I am trying to classify the extensions of $\mathbb{Z}/2$ by $\mathbb{Z}$, that is, all $G$ that fits in the exact sequence
$$0\to \mathbb{Z}\to G\to \mathbb{Z}/2\to 0.$$
These extensions (up to equivalence) are in bijection with $\text{Ext}_{\mathbb{Z}}^1(\mathbb{Z}/2,\mathbb{Z})=R^1G(\mathbb{Z})=H^1(G(I_{\bullet}))$, where $G$ is the left exact additive functor $G(B)=\text{Hom}_\mathbb{Z}(\mathbb{Z}/2,B)$, $R^iG$ its right derived functors, $I_{\bullet}$ an injective resolution of $\mathbb{Z}$.
To compute $\text{Ext}_{\mathbb{Z}}^1(\mathbb{Z}/2, \mathbb{Z})$, first choose an arbitrary injective resolution of $\mathbb{Z}$, $0 \to \mathbb{Z}\to \mathbb{Z}\to 0 \to 0 \to \dotsb$. We then get a cochain complex by applying $G$
$$0\to \text{Hom}_\mathbb{Z}(\mathbb{Z}/2,\mathbb{Z})\to \text{Hom}_\mathbb{Z}(\mathbb{Z}/2,0)\to \text{Hom}_\mathbb{Z}(\mathbb{Z}/2,0)\to \dotsb.$$
$\text{Ext}_{\mathbb{Z}}^1(\mathbb{Z}/2, \mathbb{Z})$ is precisely the first cohomology group of this complex. Every component is trivial, so the first cohomology group is trivial. There is only one such group extension up to equivalence.
But this seems to be wrong because Extensions of $\mathbb{Z}$ by $\mathbb{Z}_2$ here it says there are two inequivalent extensions. I am not sure where I made a mistake. Thank you.

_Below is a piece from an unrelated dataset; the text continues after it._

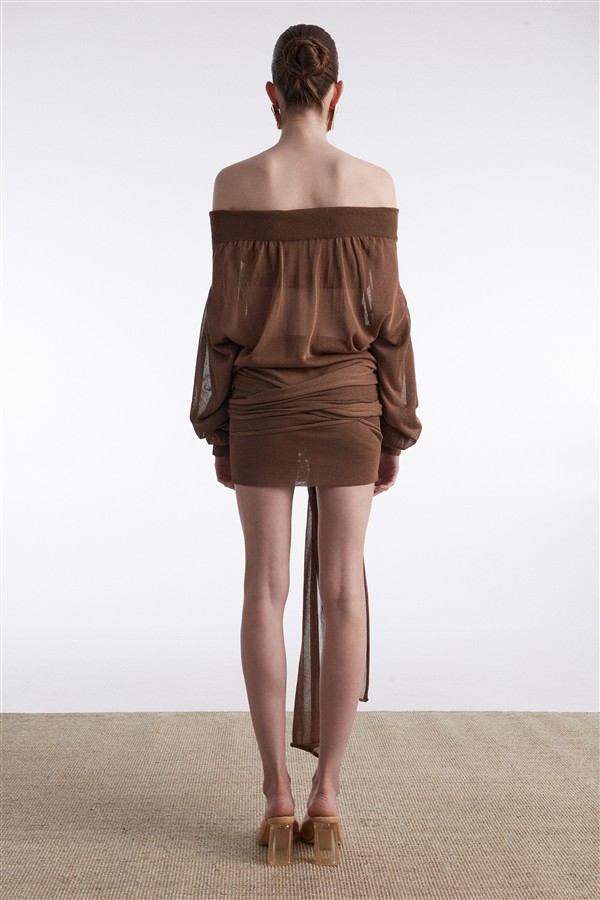 NR KNITTED MINI DRESS BROWN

Let's get this one off the unanswered heap. First, a little commentary: while free modules have many good properties, injectivity is not always one of them, and this particular example is a valuable one to keep at hand.
Indeed, suppose that $A$ is an injective abelian group. Then for every natural number $n$ and any map $f \colon \mathbb{Z} \to A$, there must be a morphism $g \colon \mathbb{Z} \to A$ such that $f = g \circ \mu_{n}$, where $\mu_{n} \colon \mathbb{Z} \to \mathbb{Z}$ is multiplication-by-$n$. Putting $a = f(1) \in A$, we see that $g$ must satisfy $g(n) = a$, and in particular, we must have $g(1) = y \in A$ such that $ny = a$. Since any element $a \in A$ defines a morphism $\mathbb{Z} \to A$ via the assignment $1 \mapsto a$, this shows that $A$ is necessarily divisible if it is injective. In particular, $\mathbb{Z}$ cannot be injective as a $\mathbb{Z}$-module.
As for your question, as long as you're willing to accept that divisible abelian groups are injective, you can see that the short exact sequence
$$0 \to \mathbb{Z} \to \mathbb{Q} \to \mathbb{Q}/\mathbb{Z} \to 0$$
(where the first map is inclusion and the second map is projection) is an injective resolution of $\mathbb{Z}$ as a $\mathbb{Z}$-module. In this case, your $\operatorname{Ext}$ complex looks like
$$0 \to \operatorname{Hom}_{\mathbb{Z}}(\mathbb{Z}/2\mathbb{Z}, \mathbb{Q}) \to \operatorname{Hom}_{\mathbb{Z}}(\mathbb{Z}/2\mathbb{Z}, \mathbb{Q}/\mathbb{Z}) \to 0 \to \cdots .$$
Of course, $\operatorname{Ext}^{1}_{\mathbb{Z}}(\mathbb{Z}/2\mathbb{Z}, \mathbb{Z})$ is the cohomology at the first position of this complex. For any abelian group $A$ and any natural number $n$, set $A[n]$ to be the subgroup of $A$ of torsion elements of order dividing $n$. There is an isomorphism $\operatorname{Hom}_{\mathbb{Z}}(\mathbb{Z}/n\mathbb{Z}, A) \to A[n]$ sending $f \in \operatorname{Hom}_{\mathbb{Z}}(\mathbb{Z}/n\mathbb{Z}, A)$ to $f([1]_{n})$. Hence, we have $\operatorname{Hom}_{\mathbb{Z}}(\mathbb{Z}/2\mathbb{Z}, \mathbb{Q}) = 0$ and $\operatorname{Hom}_{\mathbb{Z}}(\mathbb{Z}/2\mathbb{Z}, \mathbb{Q}/\mathbb{Z}) \cong \mathbb{Z}/2\mathbb{Z}$, which gives the desired calculation.